*EXERCISE DETAILS:* The expected output is an exact copy of the lines from the one containing "Scandal de Paște" through the final line of the entries below, with no images.

Captioned web image data:
==*==

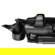 Qysea FIFISH E-GO: Picture 25 thumbnail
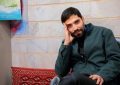 جزئیات جدید از قتل مداح اهل‌ بیت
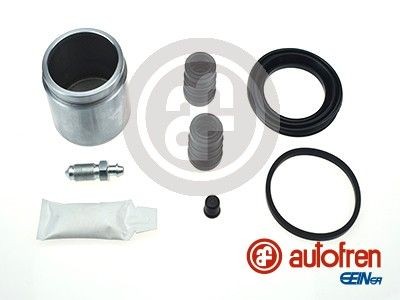 AUTOFREN SEINSA Remondikomplekt, Pidurisadul D41090C AUTOFREN SEINSA D41090C originaal Pidurisadula remondikomplekt Alto IV (EF) hind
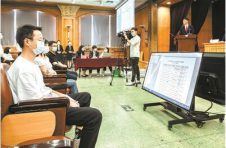 350户来穗务工人员家庭获配公租房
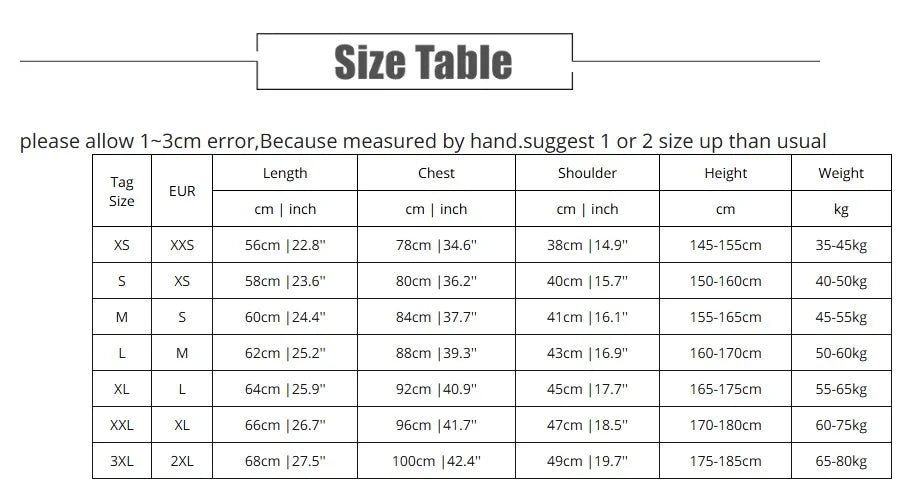 Christmas Casual T-shirt Women Plus Heart & Monster Print Short Sleeve Round Neck Top Fashion Christmas women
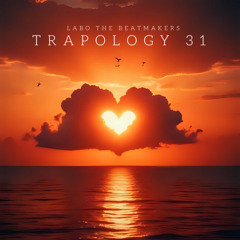 Trapology 31 (Sample Pack)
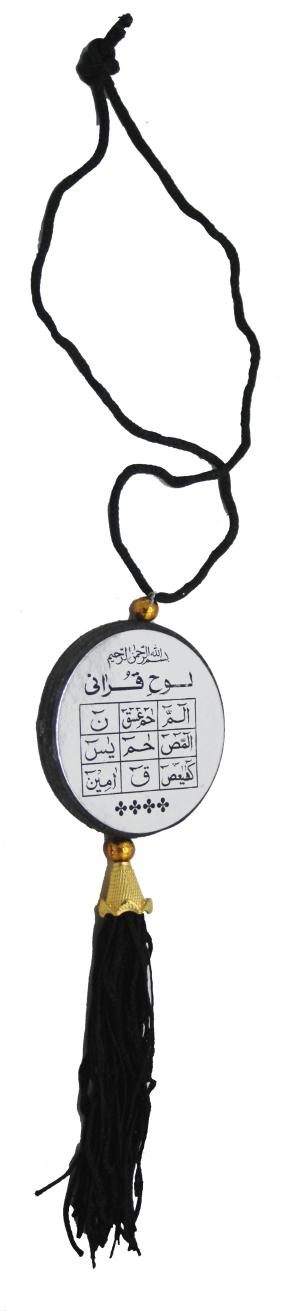 (12pcs)Car Hanger plastic Material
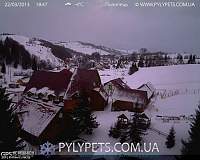   ,   
:  webcam-hd-pylypets-com-ua.jpg
: 340
:  406,3 
ID:	17892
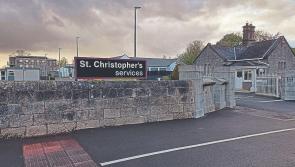 HIQA report praises Longford disability centre as it's 'planned around the needs' of  kids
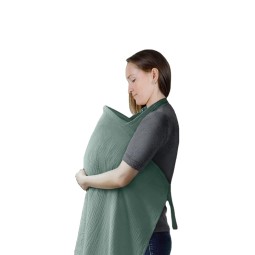 Belly Button Protector Factory - Wholesale Thin Style Anti-Cold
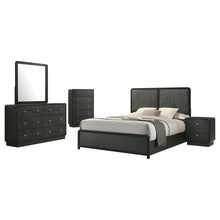 Load image into Gallery viewer, Cavelle Bedroom Set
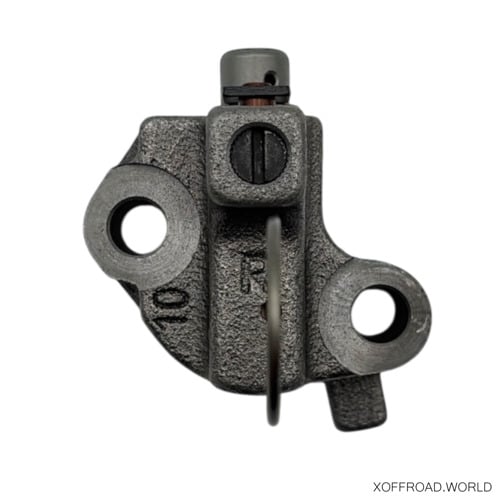 Timing Chain Tensioner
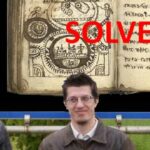 El Códice Rohonczi | ¿Un libro maldito? ¡Descúbrelo!
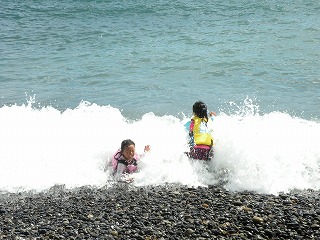 f0162302_20493379.jpg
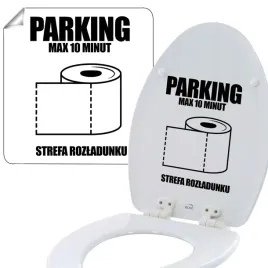 naklejka-na-toalete-smieszne-strefa-rozladunku-wzo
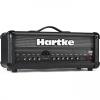 Hartke gt60 hybrid - amplificator chitara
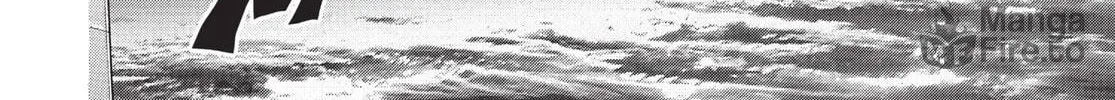Read Terra Formars chapter 113 image 9 on Lezhin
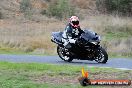 Champions Ride Day Broadford 29 05 2011 - SH4_1313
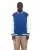 851092.webp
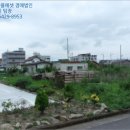광양읍 광양칠성초등학교 이미지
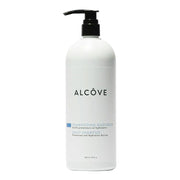 Shampoing quotidien "Daily Shampoo"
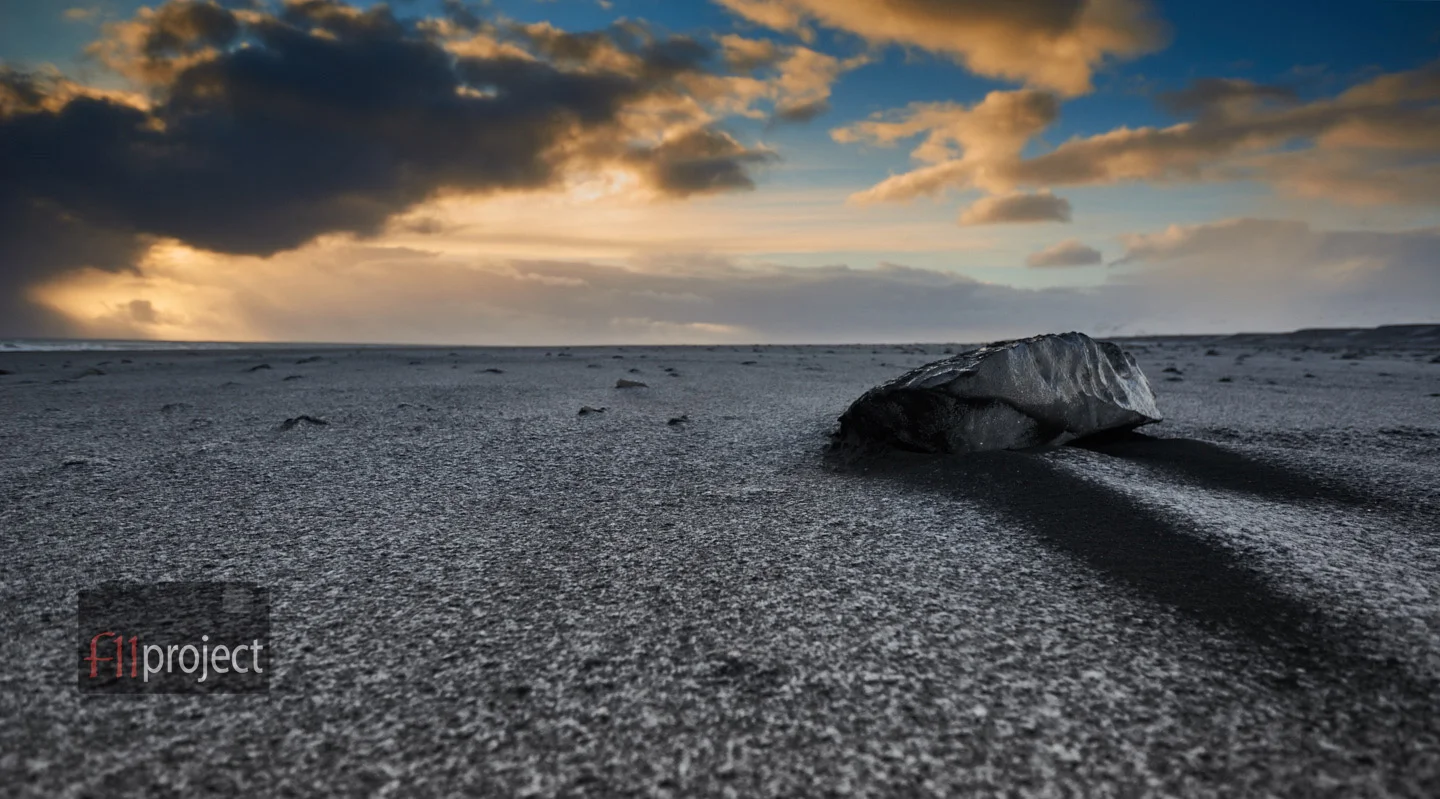 AU_Iceland_Jökulsárlón_9677.jpg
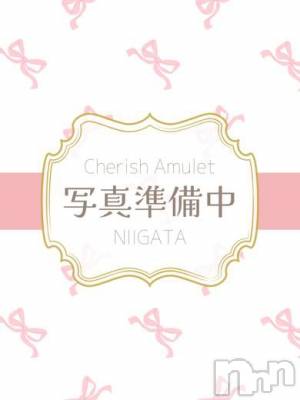 みう★★(21) 身長153cm、スリーサイズB84(C).W55.H83。新潟手コキ Cherish Amulet(チェリッシュ アミュレット)在籍。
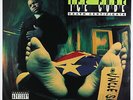 Ice Cube - Death Certificate LP - Priority 1st Press VG++
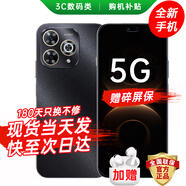 華為智選手機2025上市 80 Pro 5G新品旗艦 紅外遙控AI智慧助手 昆侖玻璃+玄甲機身 華為鴻蒙生態(tài)手機 mate 8GB+256GB 星空黑【80Pro】 現貨速發(fā)| 180天只換不修+延保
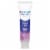 Crest 3D White Radiant Mint Teeth Whitening Toothpaste Perspective: back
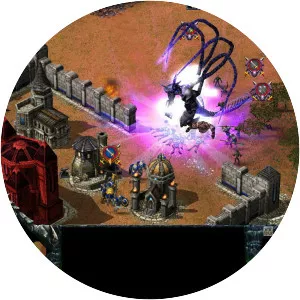 Kohan II: Kings of War - Video game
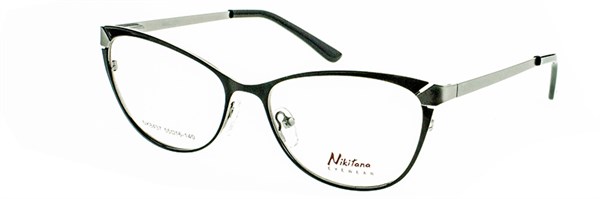 Nikitana 8437 c6 мет - фото 13159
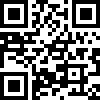 https://khabaronline.ir/x4ZGx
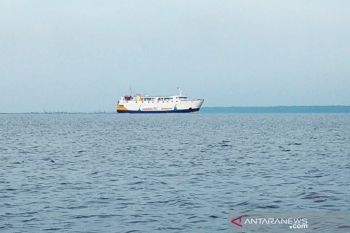 Rencana pengerukan alur Mentaya disambut antusias pelaku usaha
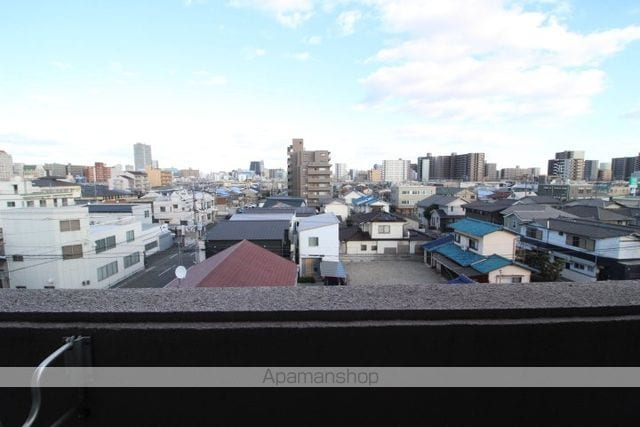リアライズ西之町のその他写真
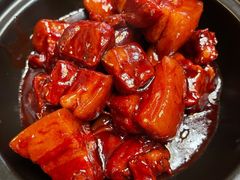-双塔老饭店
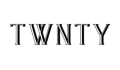 Twnty Clothing Coupons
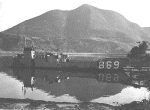 LCT-869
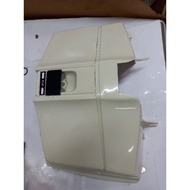 Windshield Bag-Yamaha Model Y80u-J*13956-490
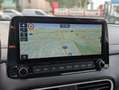 Hyundai KONA HEV 1.6 GDI DT Style Sky Blanco - thumbnail 34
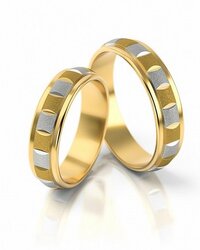 Stelmach Trauring 91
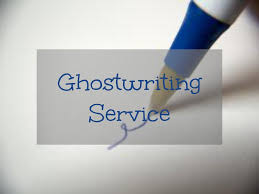 How to Be a Successful Ghostwriter  Makealivingwriting com Allstar Construction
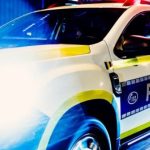 Scandal de Paște în Prahova: Polițiști, amenințați cu sabia. Intervin forțele speciale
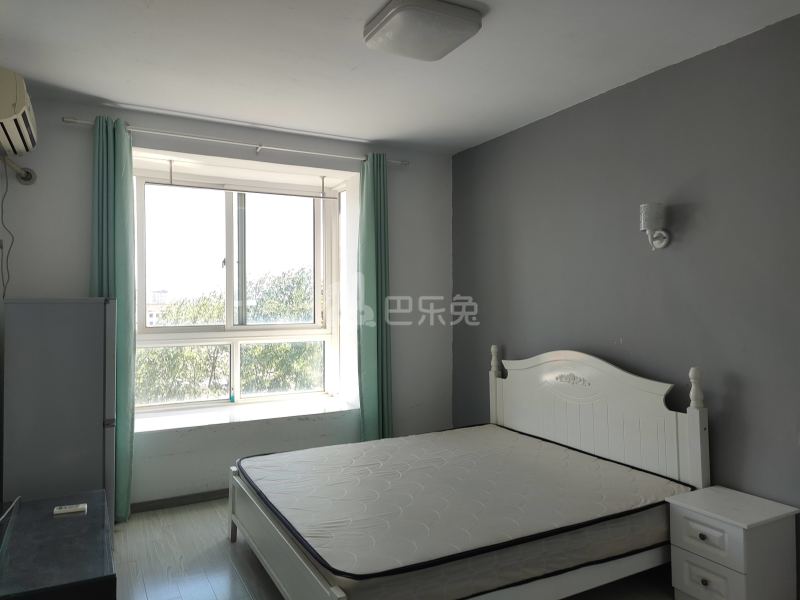 金昊雅苑南区6269873卧室图0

==*==

*ANSWER AREA:*
 Scandal de Paște în Prahova: Polițiști, amenințați cu sabia. Intervin forțele speciale
 金昊雅苑南区6269873卧室图0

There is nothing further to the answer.